KPMG reveals employees’ parental occupation in a bid to increase social mobility
KPMG has become the first firm in the UK to publish comprehensive data analysing the socio‐economic profile of its workforce.
KPMG in the UK has published detailed workforce data outlining the socio‐economic make‐up of the firm. It is the first business in the UK to publish such comprehensive data, which measures employees’ parental occupation and education and the type of school employees attended. KPMG also shared graduate and school leaver socio‐economic data from the past three years, demonstrating the efforts made by the firm to ensure a more diverse talent pipeline.
It reveals that the vast majority of the workforce – 74% of respondents – received a state school education: 60% attended a non‐selective state school and 14% attended a selective state school, with 23% receiving private education. Additional detail on parental education shows that 48% have a parent or guardian with a university degree, while 43% do not.

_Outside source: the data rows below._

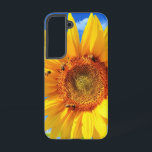 Sunflower and Bees on Blue Sky Samsung Galaxy S22 Case<br><div class="desc">Yellow Sunflower and Bees on Blue Sky - Summer Day - Photo Flower Nature - You can also personalize - Choose / Add Your Unique Photo - Image / Text - Name / Color / Font / Size / more - Make Your Special Gift - Resize and move or remove...</div>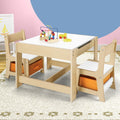 Oikiture Kid Table Set with Storage - Wood - Default Title
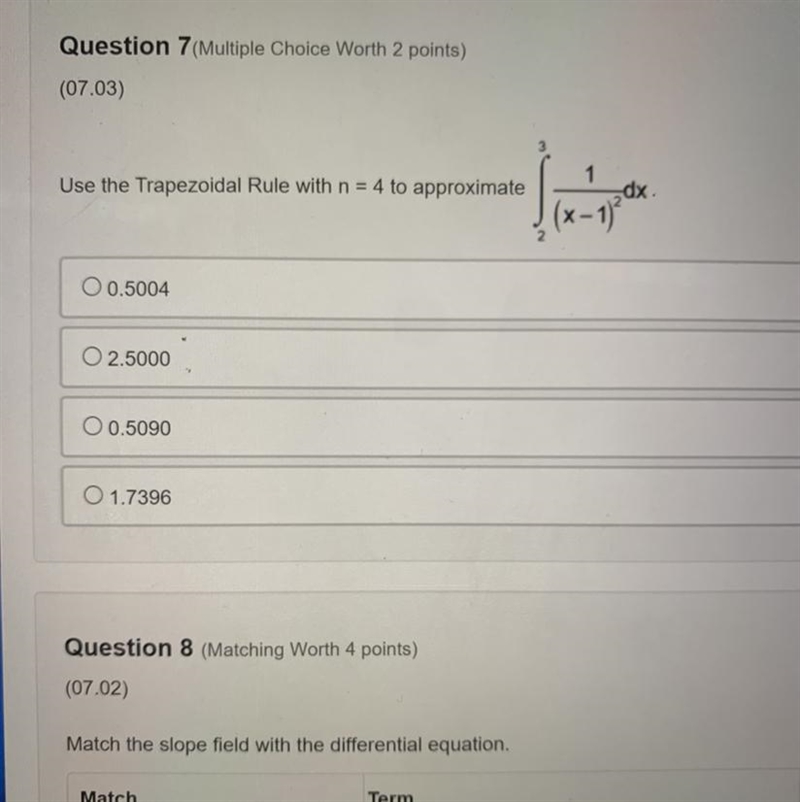 Use the Trapezoid Rule of n = 4 to approximate-example-1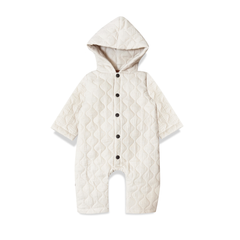 Hebe Creme Quilted Romper with Hood and Butons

On parental occupation, 58% have parents in a higher managerial, administrative and professional occupation, 16% have parents employed in a manual occupation and 11% have parents in intermediate occupations. Of around 1,000 graduates and 250 school leavers to join the firm in 2016, 11% and 18% respectively had been eligible for Free School Meals. KPMG is the first business in the UK to share details of the parental occupation of its workforce, which is recognised by social mobility experts as a strong indicator of socio‐economic background.
Melanie Richards, Vice Chair at KPMG, said: “When we talk about diversity, people immediately think of gender or race, but social background is equally as important.Professional services firms have often been cited as bastions of the so called social elite and it’s important we consign this stereotype to the past. We recruit from a wide range of schools and universities and while we do require a level of academic ability, we need personal qualities such as adaptability and curiosity, to help our clients analyse and respond to complex challenges.
“While the traditional milk round will always have a part to play, we have rethought the way we recruit, introducing new entry routes into the firm for those who want to join us earlier and learn at work rather than university.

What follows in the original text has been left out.